Proposal Guts Third-party Delivery Fee Cap, Bigger Fees for Big Delivery Bill
Int 762 Would Allow Big Delivery Companies to Take Nearly Half the Money of Restaurant Delivery Orders, Hurting Small Businesses
The NYC Hospitality Alliance called on the City Council during a hearing today to trash a misguided proposal that would gut the cap on fees charged to restaurants by third-party delivery companies like DoorDash, Grubhub, and Uber. Fee caps and other marketplace regulations were implemented after delivery giants were exposed for egregious business practices targeting restaurants and workers.
Int 762 guts the fee cap and raises costs for struggling small businesses. A copy of the NYC Hospitality Alliance prepared testimony can be found READ HERE.
“Third-party delivery companies have a long history of exploiting restaurants, so it’s no surprise they want to roll back the hard-fought cap on fees they charge small businesses by getting the City Council to pass the Bigger Fees for Big Delivery Bill,” said NYC Hospitality Alliance’s executive director Andrew Rigie.

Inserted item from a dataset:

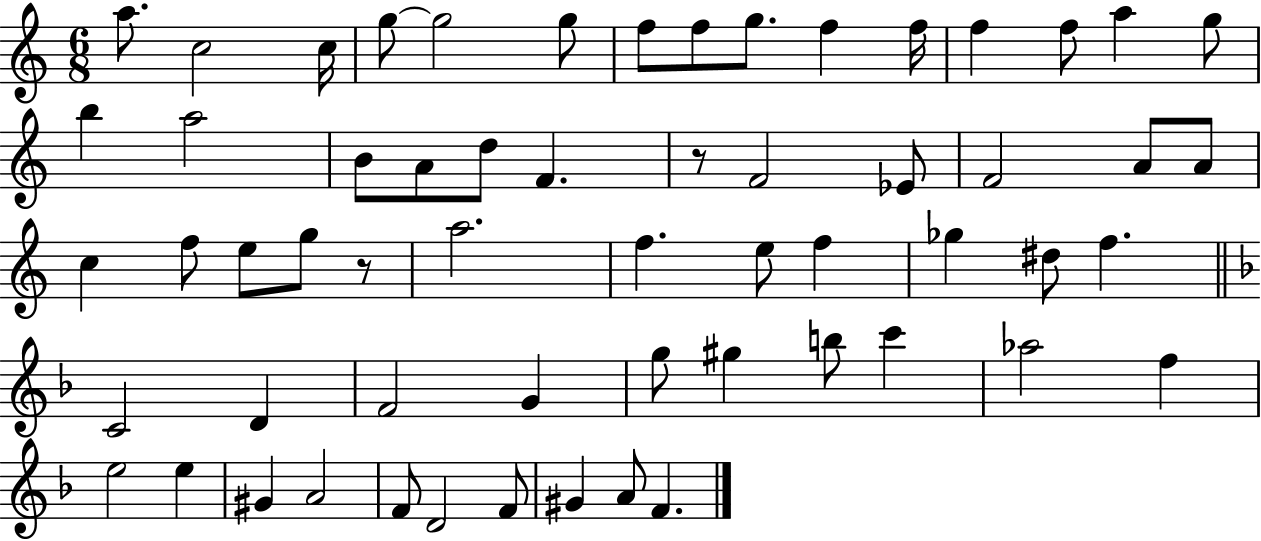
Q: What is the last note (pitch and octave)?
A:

Under the proposal, the fee companies like DoorDash, Uber, and Grubhub can charge restaurants would go up from 23% to a whopping 43% of each order, an untenable amount for small businesses that operate on single digit margins. Industry experts have said the delivery giants operate like public utilities because of their necessity and leverage over local restaurants and require more regulation due to their power over small businesses.
“The delivery giants’ say they just want to offer restaurant more “marketing services” but this political sleight of hand would let them bury restaurants in search results if they don’t pay up, and make it harder for New Yorkers to find local restaurants that can’t afford to, or don’t want to pay to play,” Rigie said.
Discussions around the cap on fees that third-party delivery companies charge restaurants (“the fee cap’) began prior to the COVID-19 pandemic and was largely the product of hearings the City Council held into these companies’ egregious business practices, and after now U.S. Senate Majority Leader Chuck Schumer called for an investigation into Grubhub. Meanwhile, these companies are deploying a subpoena strategy against the NYC Hospitality Alliance, restaurants, and others to quell opposition to their lobbying efforts and lawsuits against the City of New York to deregulate big delivery, as recently explained in the op-ed titled: “Corporate Giants Deploy Subpoenas to Squash Advocacy, Press.”